A world of refugees

Hello readers,

Today it’s my turn, so let me briefly introduce myself. My name is Eman, I am Egyptian. I work with an international organisation, and I study communication for development and social change, because I believe that communication is the tool we can use to fight for a better world.

I hope you have had a chance to have a look at our blog’s banner, because I wish to reflect on a very specific part of it; the children beside the tent. They are known as refugees and that tent is the closest thing they have to a home. In the picture, the children are looking up, maybe to a plane or a helicopter distributing food or clothes, etc. The way I see it, the children are looking up to hope. But that raises an important question: Who are they expecting to fulfill their hopes, and how can these unwritten hopes be fulfilled?

In the coming weeks, I wish to dedicate my writings to try and answer these questions. I am planning to explore how my area of studies can help refugees around the world. I thought of why I want to dedicate my writings to this cause, and I realized that the reason is that refugees were once like you and me, people who belonged to a country and had their own safe homes.

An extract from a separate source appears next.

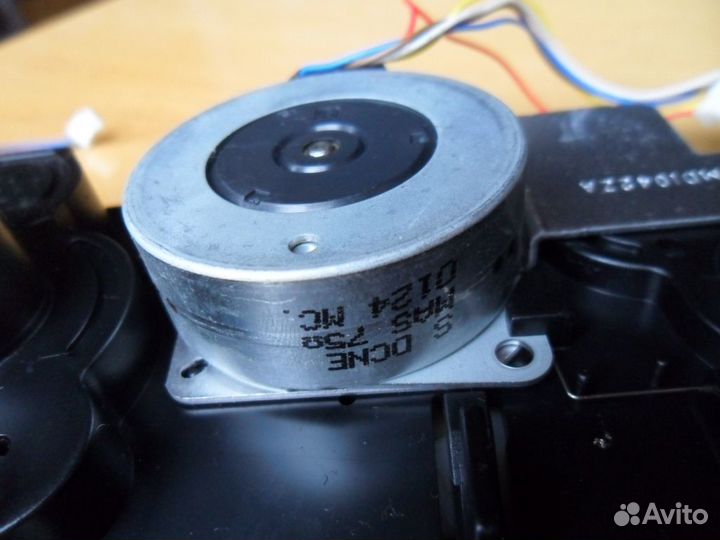 Шагов.двигатель оргтехники Panasonic и 2 редуктора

So, here are my two main reflections that my writings will revolve around:

Can we use information, communication and Technology (ICTs) to help refugees lead a better life and see a fair world?

My next article will explore the lives inside the tents in refugee camps. In other words, the homes of refugees and how we can help them live a normal life without normalizing their situation as refugees. 

Yesterday, the UN marked the International Disaster Risk Reduction Day. This year, the theme is “Substantially increase the availability of and access to multi-hazard early warning systems and disaster risk information and assessments to people by 2030.” (1). This takes us to my second reflection:

Can we save people before they become refugees?

To answer this question, I will try to explore how to best use ICTs to slow down the unmerciful impacts of climate change and try to stop droughts and floods before they destroy countries and displace their people. 

I know I am not alone, many out there are as passionate as I am to this cause and so, I would appreciate your thoughts, opinions and comments on my reflections and views. Maybe together we can offer the refugees of the world a better chance. As Ernest Hemingway once wrote “the world is a fine place, and is worth fighting for” (2), and with this I wish to fight for the right of refugees to see the “fine world”. 

I thank you all for your time and for sharing the passion.

See you in the coming weeks.

 

Works cited

  1. Disaster Reduction Day. (n.d.). https://www.un.org/en/observances/disaster-reduction-day.
  2. Hemingway, E. (1995, July 1). For Whom the Bell Tolls. Scribner.